Cuarto, la reforma fiscal de los EEUU ha permitido que las empresas de este país hayan repatriado un mínimo de unos 250.000 millones de dólares del total de unos 2,1 billones que mantenían fuera de EEUU. De la cantidad repatriada, casi la mitad se está empleando en recomprar acciones, sosteniendo la valoración de unas cuantas firmas ricas en caja. El problema es que se trata de una recompra temporal ligada a la reforma y por lo tanto no recurrente. Las empresas que no son ricas en caja han procedido a emitir masivos programas de bonos, sobre todo 'investment grade' (BBB o BBB-), clase de activo que ha pasado de contar con 0,6 billones de dólares a más de dos. El 'investment grade' ha comenzado a corregir a la baja, lo que dificultará que prosiga la 'magia' de comprar acciones con deuda.

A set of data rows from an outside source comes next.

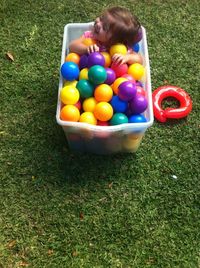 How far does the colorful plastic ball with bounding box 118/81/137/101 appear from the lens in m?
1.36

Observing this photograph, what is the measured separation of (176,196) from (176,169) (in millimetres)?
115

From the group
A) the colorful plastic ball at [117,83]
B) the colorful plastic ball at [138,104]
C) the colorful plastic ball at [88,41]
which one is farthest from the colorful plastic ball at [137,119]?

Quinto, la curva de tipos (diferencial entre tipos a 10 años y tipos a dos años) ha pronosticado todas las recesiones de EEUU desde la Segunda Guerra Mundial mediante su inversión (cuando el tipo a 10 paga menos que el tipo a dos). Si la curva se aplana, nos indica una ralentización futura de la economía. Hoy en día, la curva tan solo presenta 30 puntos básicos, el mayor nivel de aplanamiento de los últimos 11 años. Por lo tanto, cabe esperar una ralentización de la economía de los EEUU en cuestión de 1-2 años, ralentización que afectaría al resto del mundo. Si la curva llega a invertirse, predeciría una recesión. En cualquier caso, recesión o desaceleración tendrán como causa un precio del dinero más caro.

Por último, vivimos con la 'paradoja de la liquidez'. Como comentaba antes, a pesar de la liquidez inyectada por los bancos centrales, muchas clases de activos se cotizan con niveles de liquidez anormalmente bajos, como consecuencia de las reformas bancarias, que previenen a los bancos facilitar mercado. Si por ejemplo una pequeña parte de la deuda 'investment grade' del escalón inferior (BBB-) baja un nivel a BB+ ('high yield') como consecuencia de una ralentización de la economía y de la subida de tipos, entonces se producirán muchas ventas forzadas con poco comprador al otro lado, lo que podría presentar consecuencias sistémicas en los mercados de deuda. Todos podemos pedir un taxi o un Uber en ocasiones normales, pero no cuando hay una tormenta.

Afirma socráticamente Hartfort que “la única predicción que puedo hacer es que mis predicciones fallarán”.

Veremos. Lo importante es entender los riesgos, se materialicen o no.